Moving to another country in the prime of your teenage years comes with obstacles not everyone can handle on their own. ELD is a class that allows students to learn English and quickly adapt to the cultures and norms of the US. In junior Jiwoo Kim’s high school life, she said she credited the fluidity of this transition phase majorly to ELD. 

“You can meet other students struggling in English, and it’s easier than the regular English class,” Kim said. “So with this, you can effectively adapt into American school.” 

Making friends is one of the many perks of ELD, Kim said. The close bonds are irreplaceable, and the junior said her adjustment was largely due to the people she met.

HOLIDAY CLASS BONDING: ELD spends quality time together to celebrate Thanksgiving. (Photo courtesy of @homesteadeld on instagram)

“ELD is a program that you repeat over the years with the same people,” Kim said. “Because of that, you get really close with the people in your class, which is extremely helpful in feeling comfortable in high school.” 

Kim also said ELD helped her learn basic facts about the US she wouldn’t know otherwise. What appeared to be another normal language class became something that provided fundamentals for life in America, Kim said. 

“In ELD one to three, you can include another subject under ELD such as geometry or algebra one,” Kim said. “US history is also included in this because if you’re from another country, you don’t have basic knowledge of US history.”

Similar to Kim, junior Aika Sagara said she is also extremely grateful for the kind people and welcoming environment ELD provides.

“When I talk to my classmates in ELD, I find that I am not nervous, but when I talk to other students not in ELD, I feel nervous,” Sagara said. “What I learn is different from what most students learn so ELD allows me to feel included.”

Understanding subject material can be a challenge for all students, but not understanding the language it is taught in raises the difficulty to a new level, Sagara said. Sagara said because of the ELD teaching style, she does not have to worry about asking small questions to her teacher, which she appreciates. 

“ELD class covers some core subjects as well, so I don’t have to worry about each class subject and I can approach the teacher easily,” Sagara said. “Because the teaching style is different in ELD classes than in other classes, I can learn easier.”

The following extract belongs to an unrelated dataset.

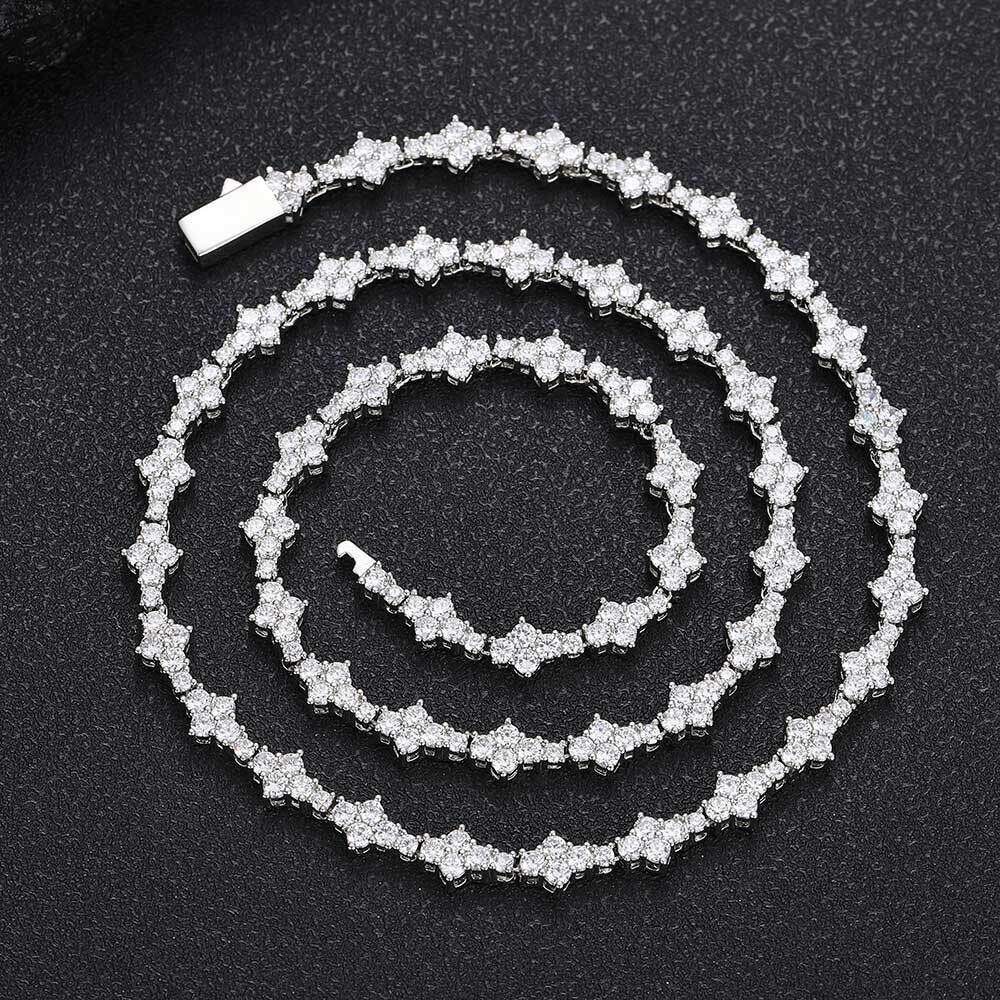 Nuoya 6.5mm Iced Out Vvs Dia wer Shape Hip Hop Jewelry Sterg Sier Moissanite Tennis Chain Necklace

Junior Riko Hirata also experienced hardships when moving from Japan to America. Like any transition into a new environment, she had to work hard to overcome the learning curve. ELD was a foundation she could lean upon during her English learning journey, Hirata said. 

“Imagine you’re a student coming from another country and mixing with other students who can speak English well,” Hirata said. “These people would have terrible grades compared to the other students, and I think that is unfair because it isn’t their fault. ELD separates students who don’t speak English well so they can have a chance to succeed, which is why I think ELD is effective.”

Because of ELD, she said she felt the gap being bridged between her and students who were born in the US. ELD gives foreign students the stepping stones required to elevate their literacy up to the level of students born in the US, and Hirata said ELD was something she could depend on. ELD is more than just a language class, Hirata said: it’s a family and a home.

“ELD made my reading and writing skills better and that made my high school life better because my skills were originally much lower than those who can already speak English,” Hirata said. “ELD can expand amongst many cultures, so it’s more than just a class that teaches English.”